Update 11/11/09: Keith Ferguson at The Walpole Times has put up a parking meter poll here.  Please vote no!

Selectmen announced this week that they are openly considering installing parking meters downtown to prevent commuters from parking in Walpole Center during the day.  The MBTA’s exorbitant rates for parking has driven some commuters to park downtown and then walk to the station.  Earlier this year, the Walpole Public Library banned commuter parking in their lot as well, in an effort to tackle this growing problem.

To those commuters who choose to take advantage of downtown parking, I say to them: good thinking!  You are being innovative, and I don’t blame you one bit because the MBTA, as we all know, charges absolutely ridiculous prices in exchange for subpar service.  Their parking fees are no exception.  Why pay $4 per day when you can just use our municipal lot.

This problem is not new.  We have had commuters parking in downtown Walpole for some time now.  But instead of taking a radical approach to this problem and making parking in downtown difficult for nearly everybody, whether a regular downtown business customer or a commuter, we should look into more reasonable ideas to solve the problem.

Every time I walk through the municipal lot during the week, it is nearly empty.  The fact is, people aren’t supporting downtown businesses like they should be, even when parking is completely free. Instead, they’re heading to Walmart, the Walpole Mall, Patriot Place, and Route 1 to shop.  Let’s have the discussion about parking once downtown business starts to pick up – right now it really isn’t a problem.
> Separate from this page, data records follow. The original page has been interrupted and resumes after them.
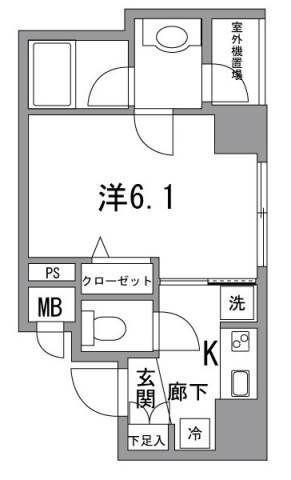 KRレジデンス(1K/4階)の間取り写真
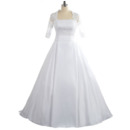 Square Floor Length Taffeta Plus Size Wedding Dress with Half Sleeves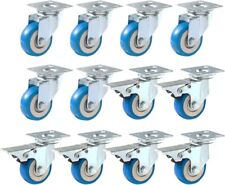 Paquete de 12 ruedas giratorias con placa de poliuretano azul, 6 piezas sin fren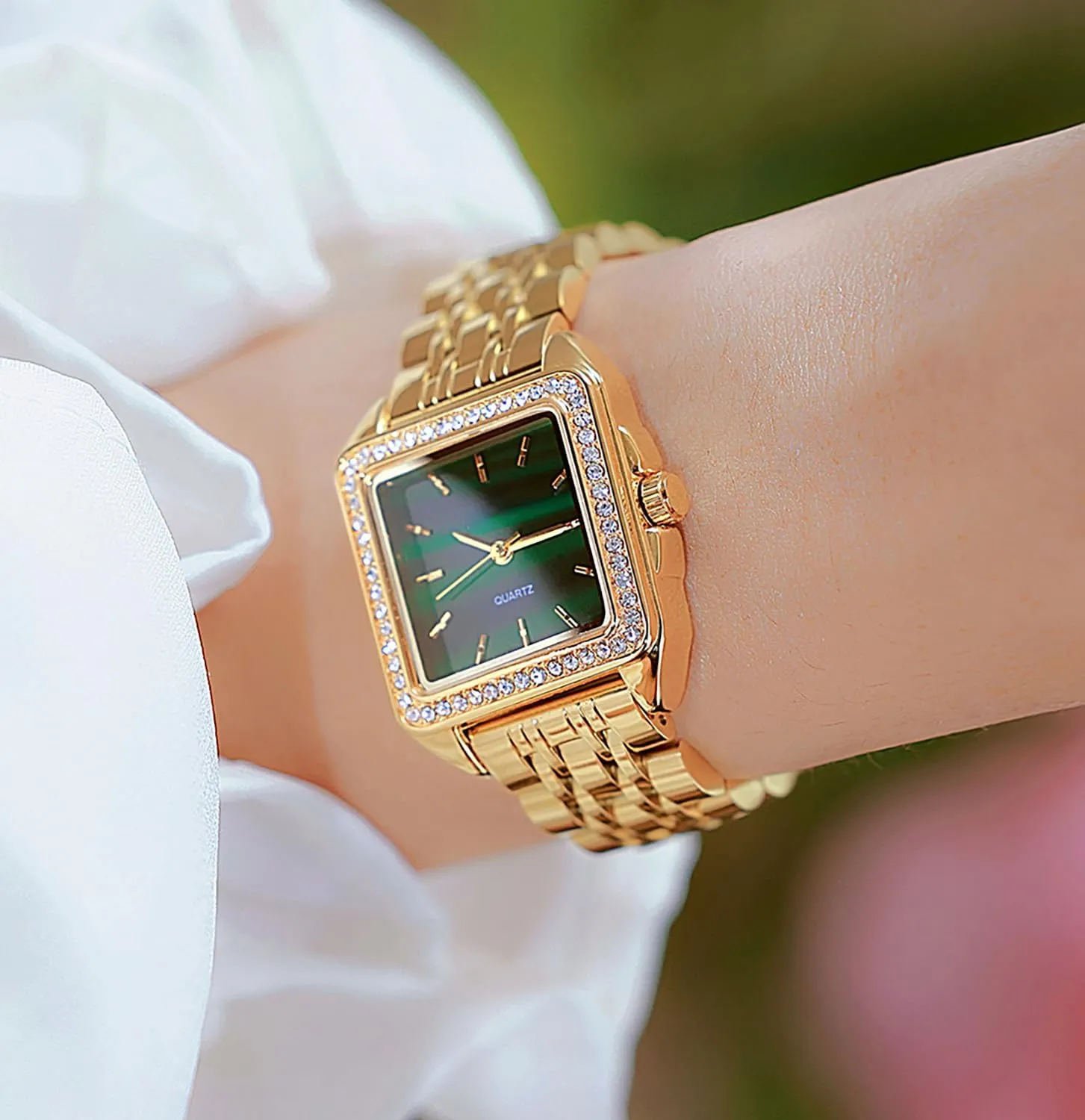 Women Watches oxygen intergalactic weather longevity taproot alive Fashion Wristwatch Quartz Waterproof Watch Stainless Square Watch Women��s Golden Watches BESTKANG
A reasonable solution would be to have one police officer every day take a less than two-minute walk from the police station (at least until it’s moved somewhere else) into downtown and into the municipal lots and take pictures of the cars.  Then have that same officer return later in the day and take pictures of the cars and see who has parked there the whole day.  Even better, just put up signs that ban parking for more than two hours and ask downtown business owners to be the ones to enforce the law – after all they too have a vested interest in making sure that parking spaces are available for their customers.  Maybe Walpole could harness 21st century technology and install a camera that automatically takes pictures of the cars and automatically keeps track of those that are parked all day.

According to, Police Chief Richard Stillman claims that a parking fee of 25 cents an hour would be enough to cover part- or full-time civilian enforcement, so police wouldn’t have to be writing tickets all day.  In other words, the chief is proposing an absolutely fantastic way to drive people, and merchants, out of Walpole center.  Let’s have roving meter maids who make life a living hell for everybody who chooses to park in Walpole center.  Further, let’s not factor in the possibility that drivers, like in the big city, may decide to take matters into their own hands and stuff the meters or damage them.

Stillman went on to say that the purpose of the meters would not be to bring in more money to the town, but rather to make more parking available for downtown businesses.  Ironically, this would actually probably have the opposite effect: it would force people to not want to come downtown to go shopping, meaning businesses would lose money.  Additionally, drivers may decide to park in the CVS – 7/11 parking lot, which is privately owned, clogging it up.

The Selectmen, however, are doing the right thing.  They are waiting to hear from the Walpole economic development officer who will be speaking to downtown business owners about the proposal.  Unfortunately, many downtown landlords, many of whom probably are not business owners of their own, have demonstrated in the past that they do not know how to keep rent payments low to keep tenants in business.  Let’s hope that these landlords will not express their enthusiasm for such a plan, ignoring the negative impact on business.  Instead, let’s hope the business owners themselves state their opinions clearly, and the message gets across: this would be bad for Walpole.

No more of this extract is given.